● **WHAT YOU SHOULD DO**: Every line from the one containing "Глава Чувашии встретился" to the end of the records below should be returned exactly; pictures are to be dropped.

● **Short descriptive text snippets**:
↓
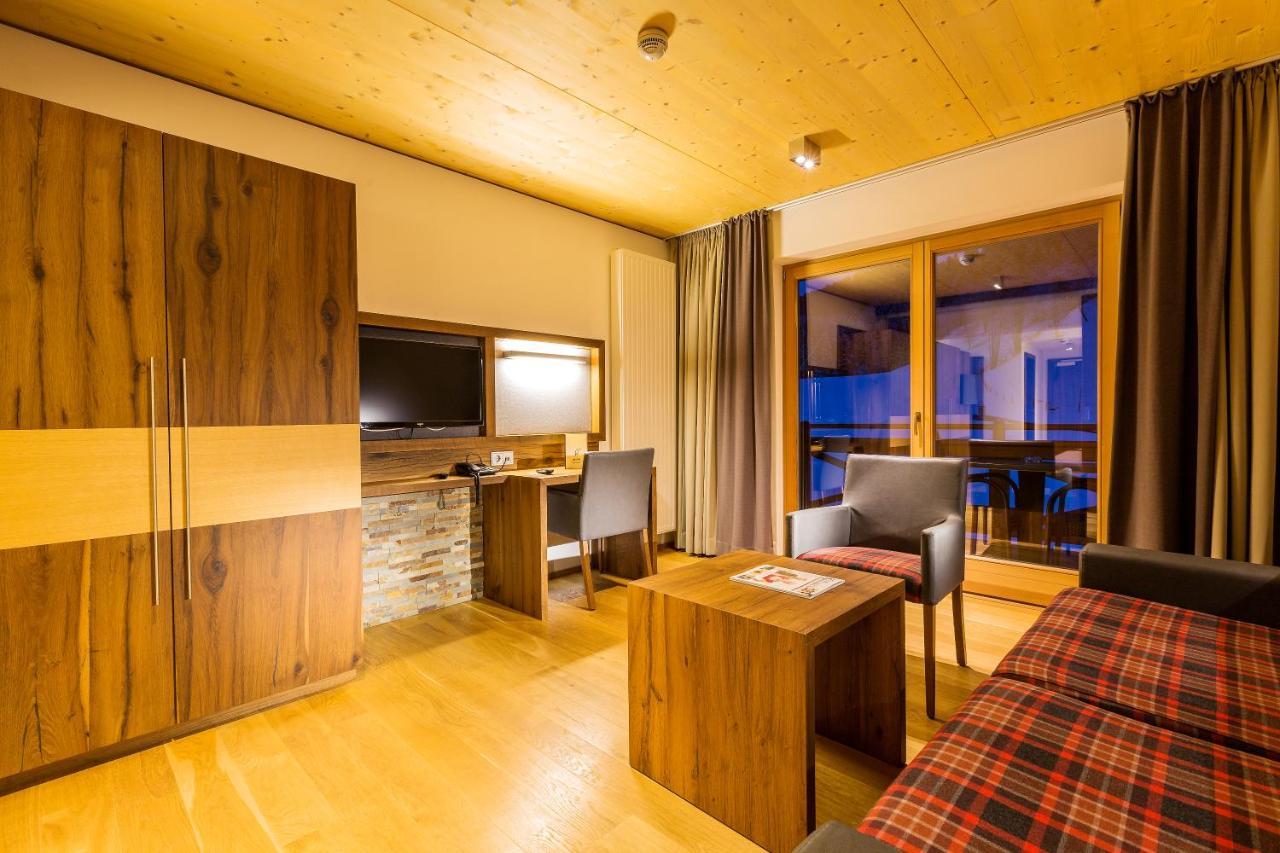 Der Waldhof Hotel Шефау ам Вилден Кайзер Екстериор снимка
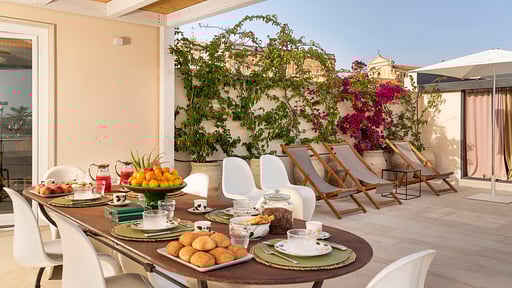 Villa Aurispa Dining area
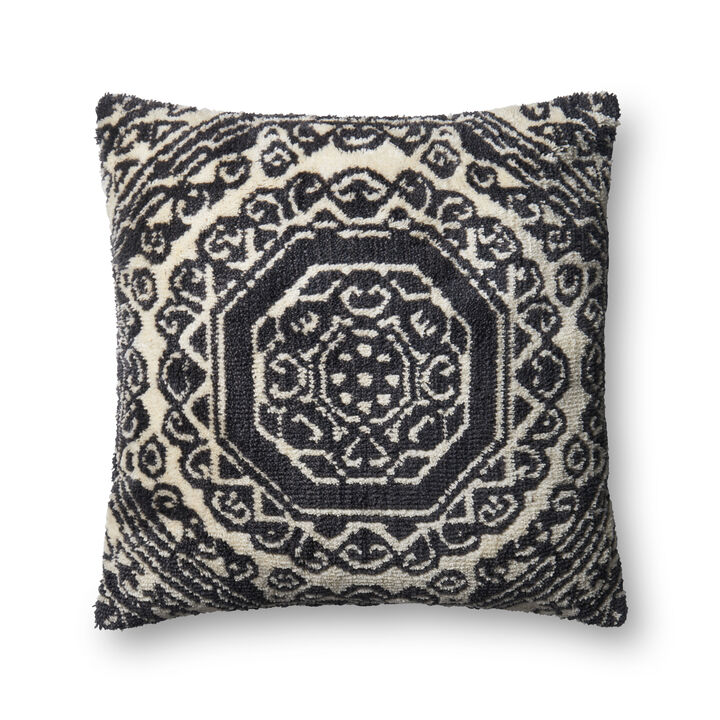 P0578 Black/White 22"x22" Poly Pillow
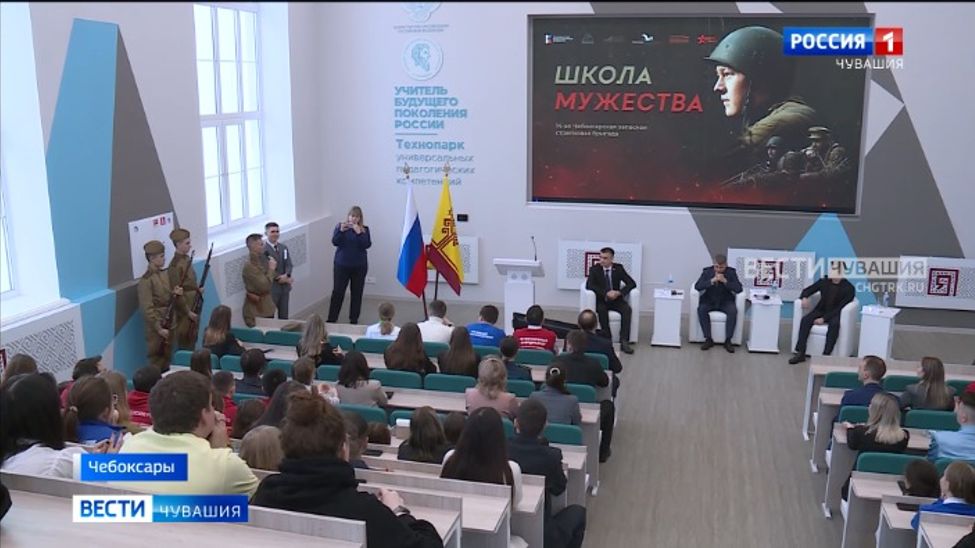 Глава Чувашии встретился с молодыми активистами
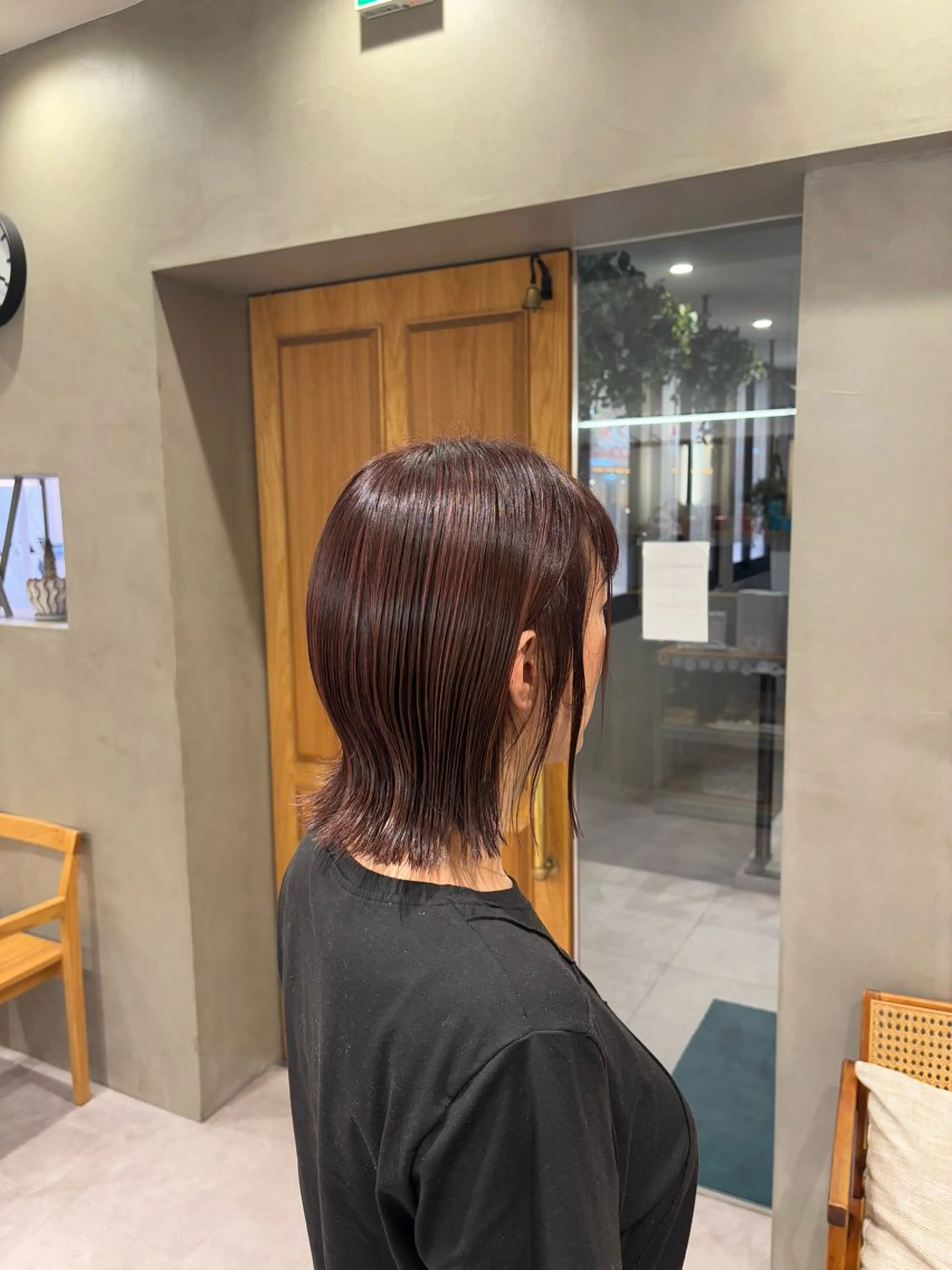 ミディアム 切りっぱなしボブ ピンクブラウン ボブ エルロン 栢原のヘアスタイル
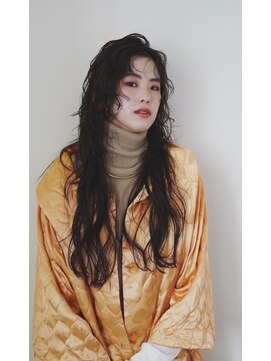 シーム 天神大名店(SEAM) ロングウェーブ Recommended for  20s to 40s.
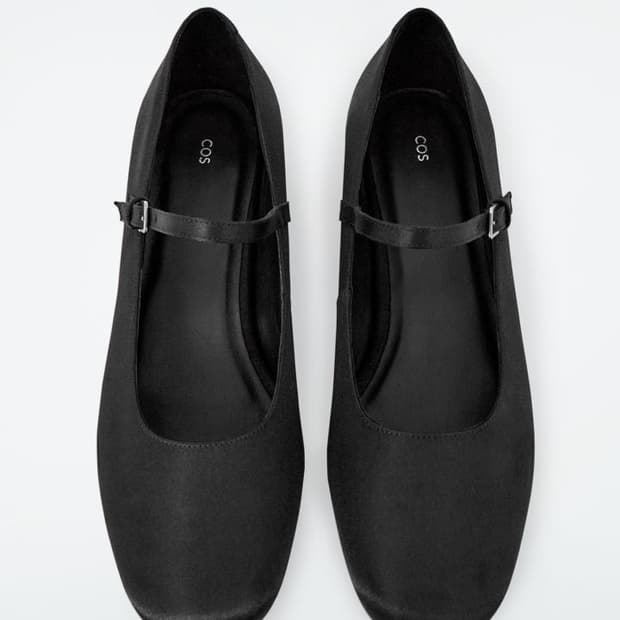 cos 코스 메리제인 새틴 38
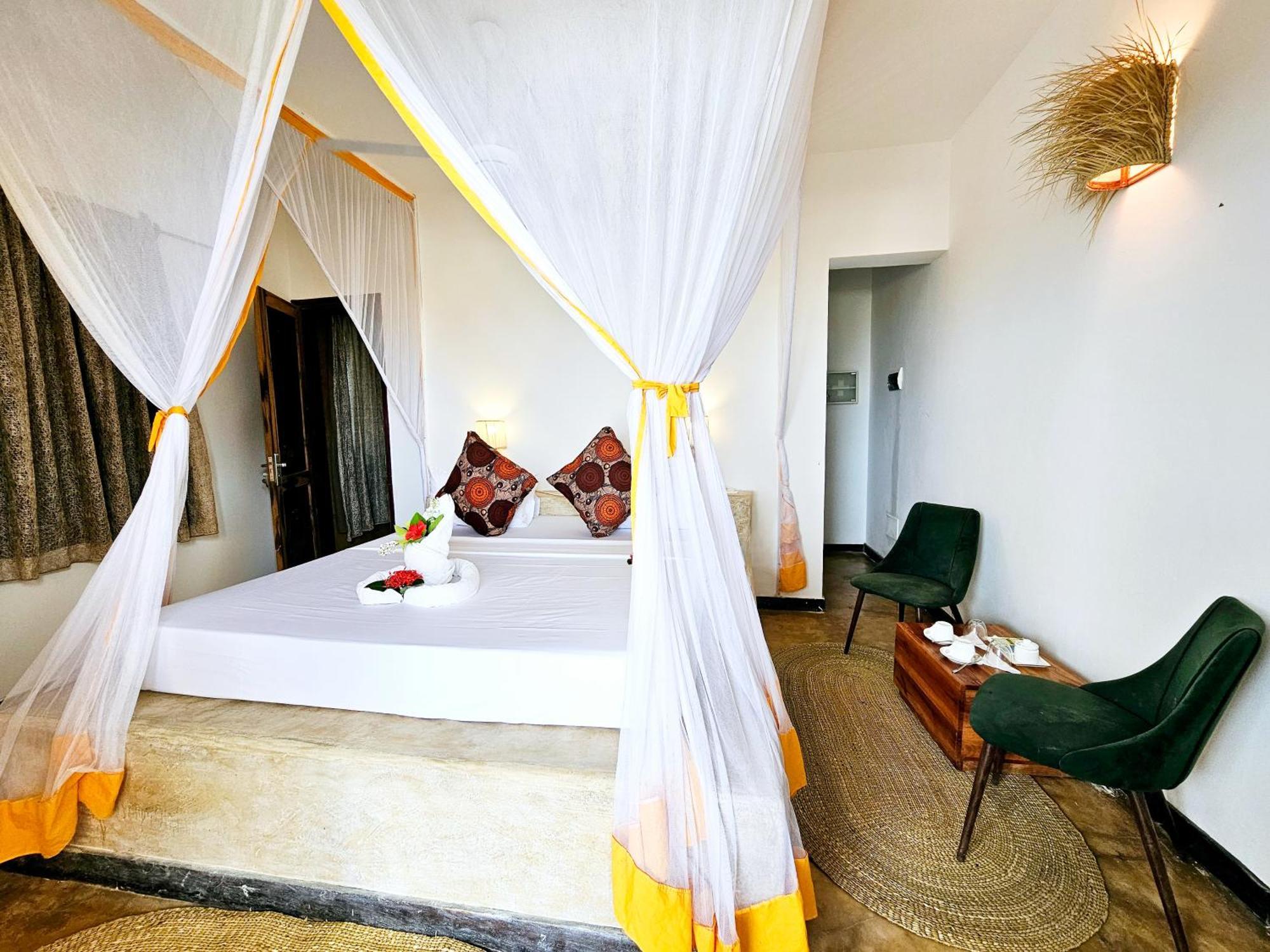 Milele Beach Resort Pingwe Exterior foto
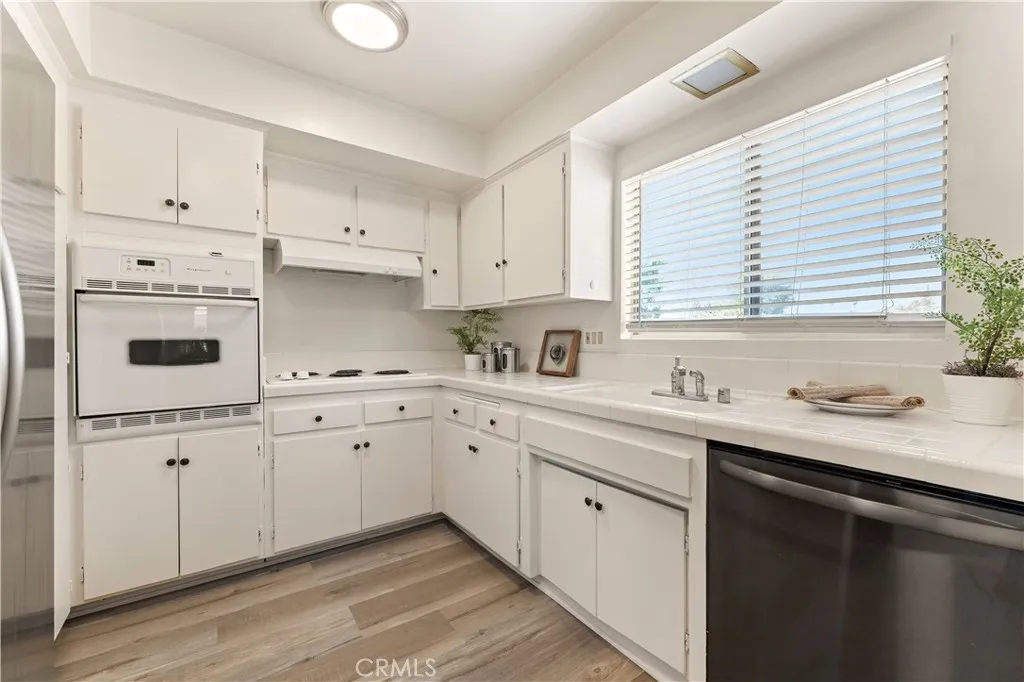 972 E California Boulevard 309, Pasadena, California 91106 home-pic-3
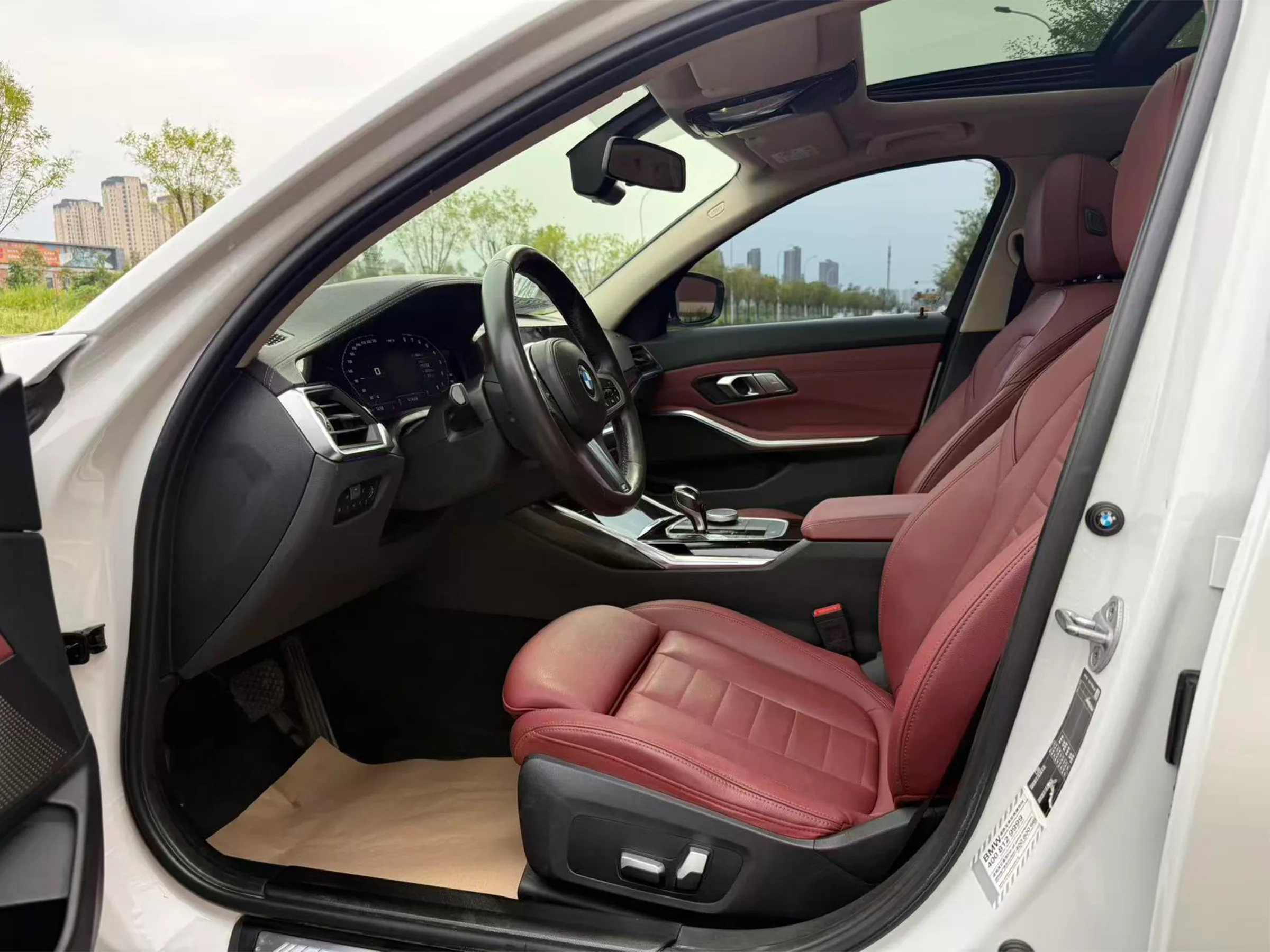 BMW 320Li M 2020-2022 9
↑
● **RESULT OF THIS EXERCISE**:
 Глава Чувашии встретился с молодыми активистами
 ミディアム 切りっぱなしボブ ピンクブラウン ボブ エルロン 栢原のヘアスタイル
 シーム 天神大名店(SEAM) ロングウェーブ Recommended for  20s to 40s.
 cos 코스 메리제인 새틴 38
 Milele Beach Resort Pingwe Exterior foto
 972 E California Boulevard 309, Pasadena, California 91106 home-pic-3
 BMW 320Li M 2020-2022 9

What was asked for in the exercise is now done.